• [Exercise brief]: Set the data down again, exactly as it appears below.

####################

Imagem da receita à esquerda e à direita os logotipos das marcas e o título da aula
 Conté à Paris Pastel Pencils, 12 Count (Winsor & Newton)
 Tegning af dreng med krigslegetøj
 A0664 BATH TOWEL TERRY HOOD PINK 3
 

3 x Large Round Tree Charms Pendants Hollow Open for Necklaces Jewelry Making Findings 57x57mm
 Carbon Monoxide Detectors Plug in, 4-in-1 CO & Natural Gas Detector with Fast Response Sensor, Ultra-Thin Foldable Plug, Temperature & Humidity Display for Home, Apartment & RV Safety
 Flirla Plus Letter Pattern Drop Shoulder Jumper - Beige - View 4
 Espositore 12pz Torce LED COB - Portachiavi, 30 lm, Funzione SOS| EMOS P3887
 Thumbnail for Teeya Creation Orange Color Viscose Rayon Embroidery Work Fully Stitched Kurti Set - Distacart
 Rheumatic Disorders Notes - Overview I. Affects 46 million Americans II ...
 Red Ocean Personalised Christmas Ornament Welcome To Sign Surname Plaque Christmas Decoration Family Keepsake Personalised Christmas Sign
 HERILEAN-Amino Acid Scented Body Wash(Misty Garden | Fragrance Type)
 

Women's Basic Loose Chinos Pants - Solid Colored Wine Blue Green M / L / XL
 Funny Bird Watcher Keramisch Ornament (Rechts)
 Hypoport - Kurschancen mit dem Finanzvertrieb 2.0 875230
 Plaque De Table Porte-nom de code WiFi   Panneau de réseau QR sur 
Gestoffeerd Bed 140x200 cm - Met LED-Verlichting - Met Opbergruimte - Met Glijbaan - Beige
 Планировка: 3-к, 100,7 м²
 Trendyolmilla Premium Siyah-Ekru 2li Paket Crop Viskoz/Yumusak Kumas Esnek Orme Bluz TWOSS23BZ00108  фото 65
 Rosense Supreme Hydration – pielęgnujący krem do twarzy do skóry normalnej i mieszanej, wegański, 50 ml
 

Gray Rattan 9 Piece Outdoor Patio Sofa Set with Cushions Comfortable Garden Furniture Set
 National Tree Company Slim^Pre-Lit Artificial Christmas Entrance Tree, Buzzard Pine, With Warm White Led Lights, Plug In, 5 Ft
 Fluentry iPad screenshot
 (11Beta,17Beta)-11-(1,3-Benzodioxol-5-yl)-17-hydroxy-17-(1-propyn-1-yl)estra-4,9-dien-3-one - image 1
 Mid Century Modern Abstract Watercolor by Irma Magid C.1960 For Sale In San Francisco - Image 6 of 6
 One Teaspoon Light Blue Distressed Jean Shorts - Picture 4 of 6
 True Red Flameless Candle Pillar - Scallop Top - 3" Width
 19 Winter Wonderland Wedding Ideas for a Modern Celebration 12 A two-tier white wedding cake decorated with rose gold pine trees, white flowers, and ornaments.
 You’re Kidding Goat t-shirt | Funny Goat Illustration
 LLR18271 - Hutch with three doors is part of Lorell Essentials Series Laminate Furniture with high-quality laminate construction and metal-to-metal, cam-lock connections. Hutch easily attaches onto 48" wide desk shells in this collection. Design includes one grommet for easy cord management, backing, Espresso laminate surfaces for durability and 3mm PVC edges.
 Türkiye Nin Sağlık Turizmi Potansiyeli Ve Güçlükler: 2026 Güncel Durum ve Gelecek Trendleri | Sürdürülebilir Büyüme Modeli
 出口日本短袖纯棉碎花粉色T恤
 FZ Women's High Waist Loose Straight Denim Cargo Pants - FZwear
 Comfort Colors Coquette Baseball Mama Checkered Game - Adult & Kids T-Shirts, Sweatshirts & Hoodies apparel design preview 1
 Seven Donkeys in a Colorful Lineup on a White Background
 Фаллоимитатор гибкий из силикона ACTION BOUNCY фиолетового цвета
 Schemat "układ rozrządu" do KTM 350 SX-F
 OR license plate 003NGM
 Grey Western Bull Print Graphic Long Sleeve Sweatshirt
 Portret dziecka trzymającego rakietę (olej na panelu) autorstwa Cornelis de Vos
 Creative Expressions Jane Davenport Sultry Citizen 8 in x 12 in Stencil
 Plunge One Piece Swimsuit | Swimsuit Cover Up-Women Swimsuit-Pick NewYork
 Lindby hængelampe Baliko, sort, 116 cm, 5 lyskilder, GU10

####################

• [Output for this task]:
Imagem da receita à esquerda e à direita os logotipos das marcas e o título da aula
 Conté à Paris Pastel Pencils, 12 Count (Winsor & Newton)
 Tegning af dreng med krigslegetøj
 A0664 BATH TOWEL TERRY HOOD PINK 3
 

3 x Large Round Tree Charms Pendants Hollow Open for Necklaces Jewelry Making Findings 57x57mm
 Carbon Monoxide Detectors Plug in, 4-in-1 CO & Natural Gas Detector with Fast Response Sensor, Ultra-Thin Foldable Plug, Temperature & Humidity Display for Home, Apartment & RV Safety
 Flirla Plus Letter Pattern Drop Shoulder Jumper - Beige - View 4
 Espositore 12pz Torce LED COB - Portachiavi, 30 lm, Funzione SOS| EMOS P3887
 Thumbnail for Teeya Creation Orange Color Viscose Rayon Embroidery Work Fully Stitched Kurti Set - Distacart
 Rheumatic Disorders Notes - Overview I. Affects 46 million Americans II ...
 Red Ocean Personalised Christmas Ornament Welcome To Sign Surname Plaque Christmas Decoration Family Keepsake Personalised Christmas Sign
 HERILEAN-Amino Acid Scented Body Wash(Misty Garden | Fragrance Type)
 

Women's Basic Loose Chinos Pants - Solid Colored Wine Blue Green M / L / XL
 Funny Bird Watcher Keramisch Ornament (Rechts)
 Hypoport - Kurschancen mit dem Finanzvertrieb 2.0 875230
 Plaque De Table Porte-nom de code WiFi   Panneau de réseau QR sur 
Gestoffeerd Bed 140x200 cm - Met LED-Verlichting - Met Opbergruimte - Met Glijbaan - Beige
 Планировка: 3-к, 100,7 м²
 Trendyolmilla Premium Siyah-Ekru 2li Paket Crop Viskoz/Yumusak Kumas Esnek Orme Bluz TWOSS23BZ00108  фото 65
 Rosense Supreme Hydration – pielęgnujący krem do twarzy do skóry normalnej i mieszanej, wegański, 50 ml
 

Gray Rattan 9 Piece Outdoor Patio Sofa Set with Cushions Comfortable Garden Furniture Set
 National Tree Company Slim^Pre-Lit Artificial Christmas Entrance Tree, Buzzard Pine, With Warm White Led Lights, Plug In, 5 Ft
 Fluentry iPad screenshot
 (11Beta,17Beta)-11-(1,3-Benzodioxol-5-yl)-17-hydroxy-17-(1-propyn-1-yl)estra-4,9-dien-3-one - image 1
 Mid Century Modern Abstract Watercolor by Irma Magid C.1960 For Sale In San Francisco - Image 6 of 6
 One Teaspoon Light Blue Distressed Jean Shorts - Picture 4 of 6
 True Red Flameless Candle Pillar - Scallop Top - 3" Width
 19 Winter Wonderland Wedding Ideas for a Modern Celebration 12 A two-tier white wedding cake decorated with rose gold pine trees, white flowers, and ornaments.
 You’re Kidding Goat t-shirt | Funny Goat Illustration
 LLR18271 - Hutch with three doors is part of Lorell Essentials Series Laminate Furniture with high-quality laminate construction and metal-to-metal, cam-lock connections. Hutch easily attaches onto 48" wide desk shells in this collection. Design includes one grommet for easy cord management, backing, Espresso laminate surfaces for durability and 3mm PVC edges.
 Türkiye Nin Sağlık Turizmi Potansiyeli Ve Güçlükler: 2026 Güncel Durum ve Gelecek Trendleri | Sürdürülebilir Büyüme Modeli
 出口日本短袖纯棉碎花粉色T恤
 FZ Women's High Waist Loose Straight Denim Cargo Pants - FZwear
 Comfort Colors Coquette Baseball Mama Checkered Game - Adult & Kids T-Shirts, Sweatshirts & Hoodies apparel design preview 1
 Seven Donkeys in a Colorful Lineup on a White Background
 Фаллоимитатор гибкий из силикона ACTION BOUNCY фиолетового цвета
 Schemat "układ rozrządu" do KTM 350 SX-F
 OR license plate 003NGM
 Grey Western Bull Print Graphic Long Sleeve Sweatshirt
 Portret dziecka trzymającego rakietę (olej na panelu) autorstwa Cornelis de Vos
 Creative Expressions Jane Davenport Sultry Citizen 8 in x 12 in Stencil
 Plunge One Piece Swimsuit | Swimsuit Cover Up-Women Swimsuit-Pick NewYork
 Lindby hængelampe Baliko, sort, 116 cm, 5 lyskilder, GU10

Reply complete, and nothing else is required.